Le texte de cette page a été corrigé et est conforme au fac-similé.

Ainsi donc, pour nous résumer, l’esclave n’a pas d’état civil ; légalement, il n’est ni citoyen, ni époux, ni père. Il n’est guère qu’un reproducteur. Il ne compte que par les recensements pour être soumis à la capitation et aux corvées. L’Église l’inscrit pourtant sur ses registres quand elle le baptise. Elle lui accorde une âme. Mais, corporellement, c’est un bétail ; la loi en fait un meuble ; mais, dans la plupart des cas, elle déclare qu’il doit rester attaché à la terre qu’il cultive. Il est une propriété, et ce n’est que par un tempérament des mœurs qu’il possède lui-même quelque chose, un pécule, dont il n’est en quelque sorte que le détenteur usufruitier, de par la gracieuse volonté de son maître. Il est également incapable de recevoir et de donner. Il n’a de volonté, vivant ou mort, que celle de son maître. S’il agit, c’est qu’il le représente ; c’est uniquement par lui et pour lui qu’il exerce un métier ou un commerce. On n’a pas été jusqu’à lui refuser, au point de vue de la religion, le droit purement spirituel de faire son salut. Mais, dans la vie sociale, on le considère comme incapable de moralité, puisqu’on ne reçoit pas son témoignage, ou du moins qu’on ne finit par l’admettre qu’à défaut de celui des blancs. La justice ne lui permet de faire aucun acte d’homme. Il vit en droit hors la société, dont toutes les rigueurs s’appesantissent sur lui, sans qu’il puisse en retirer le moindre avantage.
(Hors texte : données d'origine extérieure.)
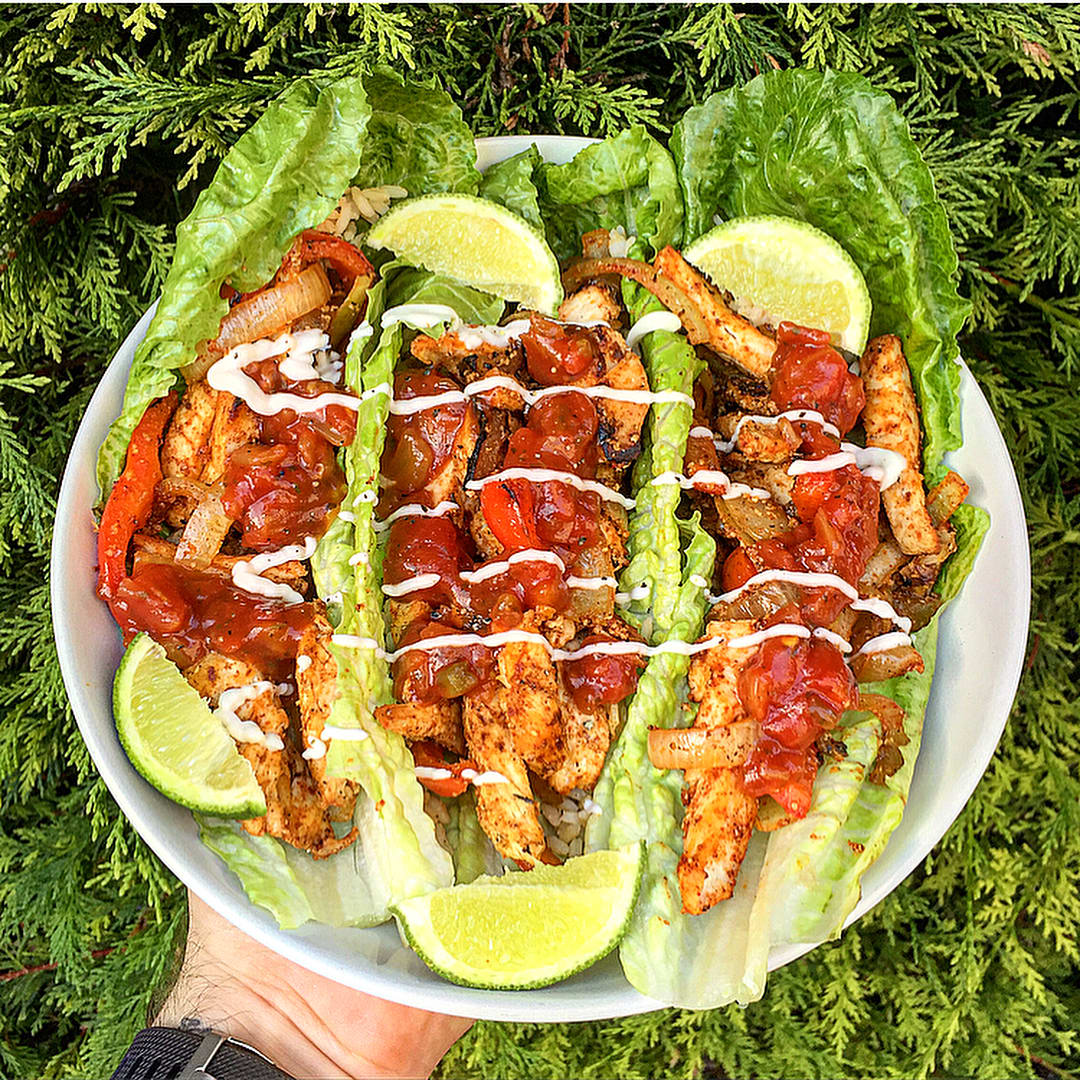 Chicken Fajita Lettuce Wraps Feast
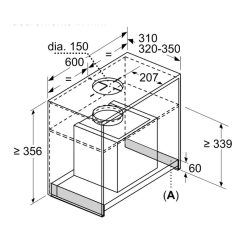 Kích thước máy hút mùi DBB66AF60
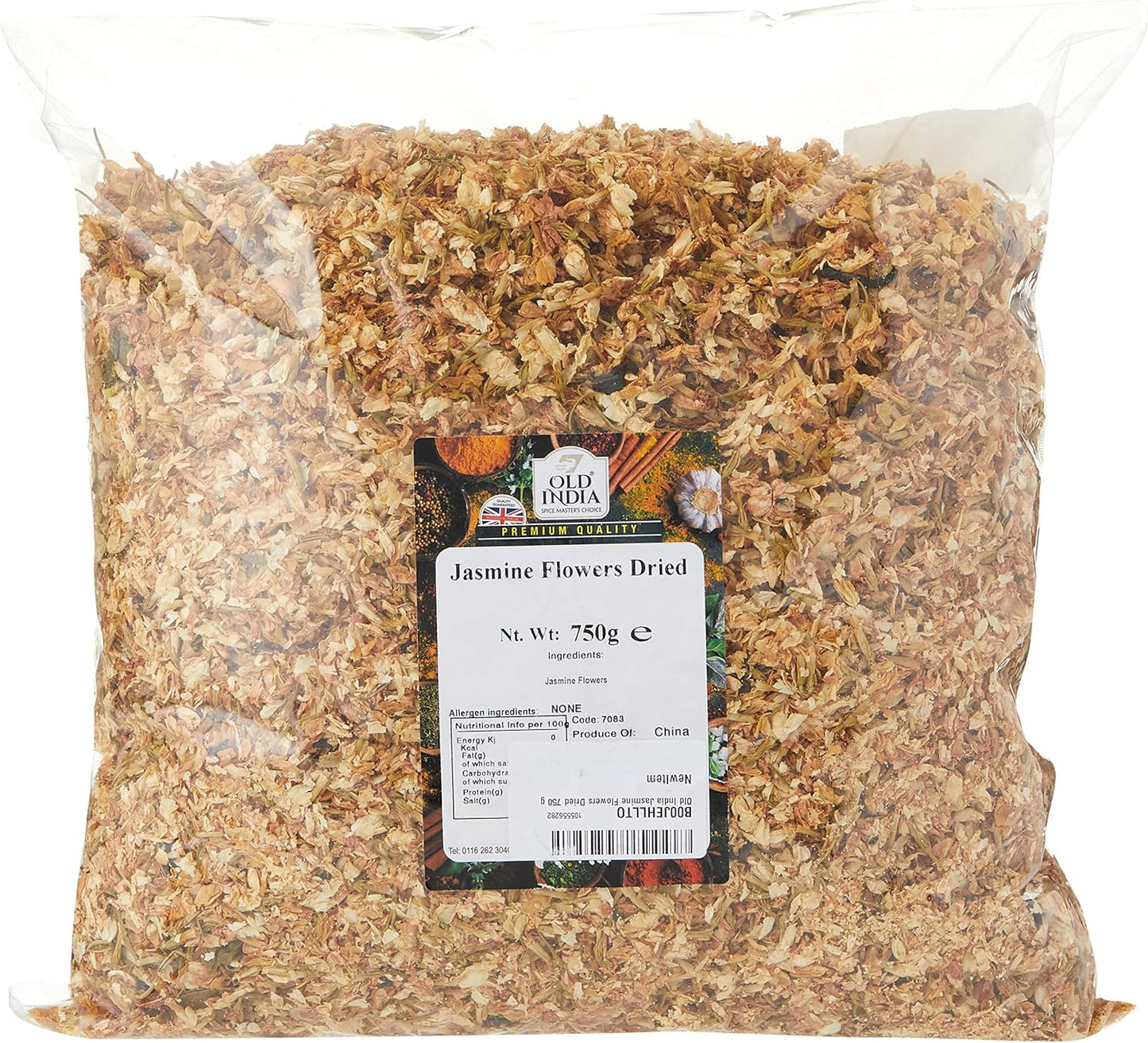 Old India Jasmine Flowers Dried 750 g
La loi ne saurait avoir pour lui la signification d’un contrat, elle se dresse simplement devant lui comme une contrainte perpétuelle. Il a un corps, c’est pour travailler, ou pour souffrir, ou bien encore pour servir au plaisir de maîtres dépravés ; quanta son intelligence, quant à sa volonté, il ne doit également les exercer que pour le profit de ce maître, la plupart du temps avide et tyrannique. Il subit le droit du plus fort exercé à son égard avec tout son révoltant cynisme.